Since no commercial spout casting was available, I built my own from brass and it operates. I formed the eyelets for the chain from brass rod. The spout feed pipe is brass tubing and shim stock. The tank feed pipe is also brass tubing. I painted all piping with Floquil Engine Black, rusted it by sprinkling on baking soda while the paint was still wet, and touched the baking soda with a very dilute mixture of Floquil Rust, Roof Brown, and Diosol thinner.

The spout hanger and counterweight support detail required about twenty hours' work and more than one hundred individual parts. I ripped the wood to approximate size on a table saw and sanded it to final dimensions. I enhanced the grain with the back edge of an X-Acto knife blade, added knot and nail holes, and stained the wood with the shoe dye and alcohol mixture. I milled the counterweights from a block of brass and formed the eyelets from brass rod. I also turned the pulleys from brass, secured them with brass nut-bolt-washer castings, and formed the blocks from styrene.

BASE AND DETAILS

I built the base from pine I ripped on the table saw and sanded to size. Again I added grain with a knife blade and stained the parts with the shoe dye and alcohol mixture. The nut-bolt-washers are hex head brass bolts with real washers and nuts. I used piano wire for the truss supports and secured them with 00-90 washers and nuts.

I also ripped and sanded the pine forming the frostbox. It received the usual shoe dye and alcohol treatment. The interior has a lining of the same "tarpaper" covering the roof. I cut the signs from magazine advertisements, sanded them to a closer-to-scale thickness, then weathered them by scraping with an X-Acto knife and more sanding. The feed pipe is brass tubing. The wet look of the dirt floor inside the frostbox comes from gloss medium. The hatch on the frostbox opens and, as on the roof hatch, I purchased the hinges and used brass rod for the handle.

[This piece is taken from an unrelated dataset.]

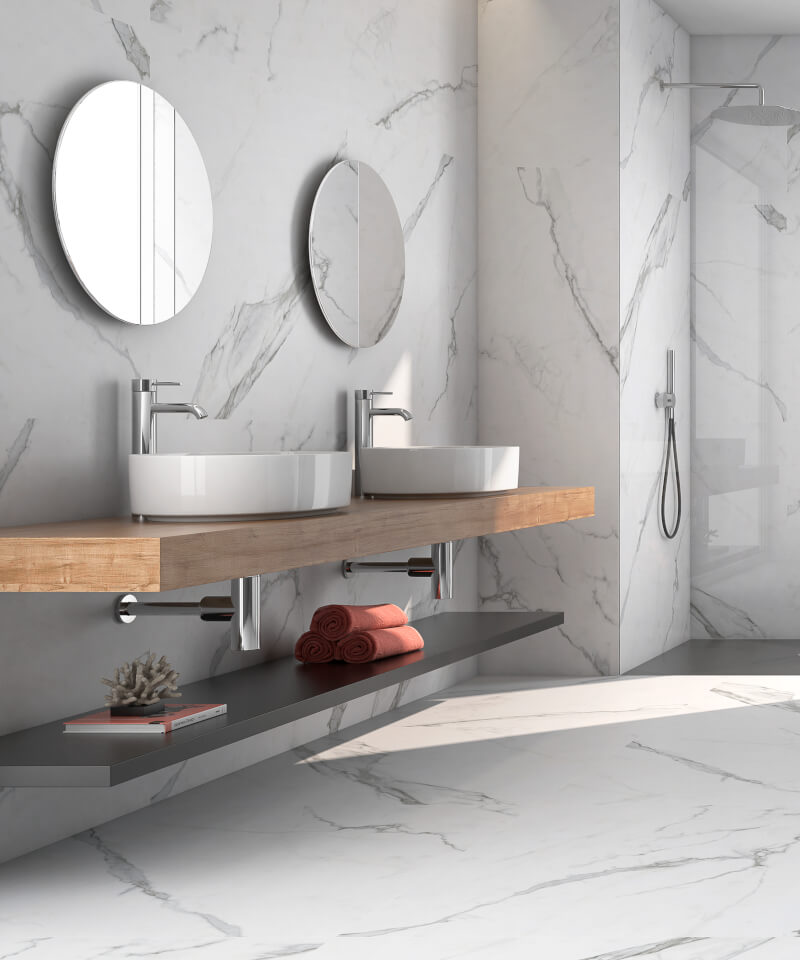 MDW Tiles Bianco Venatino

The ladders use commercial stripwood. I built up a jig to speed assembly. HO scale decals provide the "DRGW MW" lettering on the side of the ladder. The weathering on the short ladder is a different shade from the rest of the tank and paint spatters suggest previous assignments along the right-of-way.

The worker on the ladder began life as a "walking" Preiser figure. I added cotton hair and beard, a styrene waist pouch, and clothing from facial tissue. I also made up my own wrenches by slicing open 0-80 and 00-90 nuts, cutting them in half, and soldering them to brass strapping handles. The screwdriver, hammers, and other tools are bits of brass and styrene. The toolbox is basswood.

I had to make my own trash, too. I turned the bottles from Lucite rod, then drilled out the tops, cemented an acetate disk to the bottom, and glued on labels. The broken bottle near the crossbucks consists of broken pieces of glass fuse I dyed green and cemented to a plastic base. I reduced part of an actual newspaper to scale size and glued one to the diorama base. The other sits on the front seat of the truck. The Campbell's soup can near the railroad crossing and the vegetable can under the water tank are hollow plastic tubes with plastic lids and bases. I reduced actual labels to size, colored them appropriately, and weathered them.

The grease pail is acetate with a wire handle, the grease itself is epoxy I died black, and the applicator is turned basswood. I built up the shovel from an acetate "blade", a brass tube "handle insert", and a wood dowel handle. Since then I have discovered commercial tool set castings.

The crossing sign follows a Colorado Midland prototype. I built it from pine. The nails are pins; the NBWs are 00-90 hex head bolts, washers, and nuts. The truck is an Ertl metal kit with various modifications such as MV lenses and cardstock bumpers to provide the same open middle as the prototype's. The truck driver and old man are modified Preiser figures.

The scenery follows standard practice: Hydrocal® plaster over a plywood base, real dirt, ground foam, hemp, Woodland Scenics field grass, and gloss medium for the puddles.

The model won First Place Diorama in an Northeast Regional NMRA contest in 1991 and Second Place Diorama in the National Narrow Gauge Convention in Saint Louis in 1990.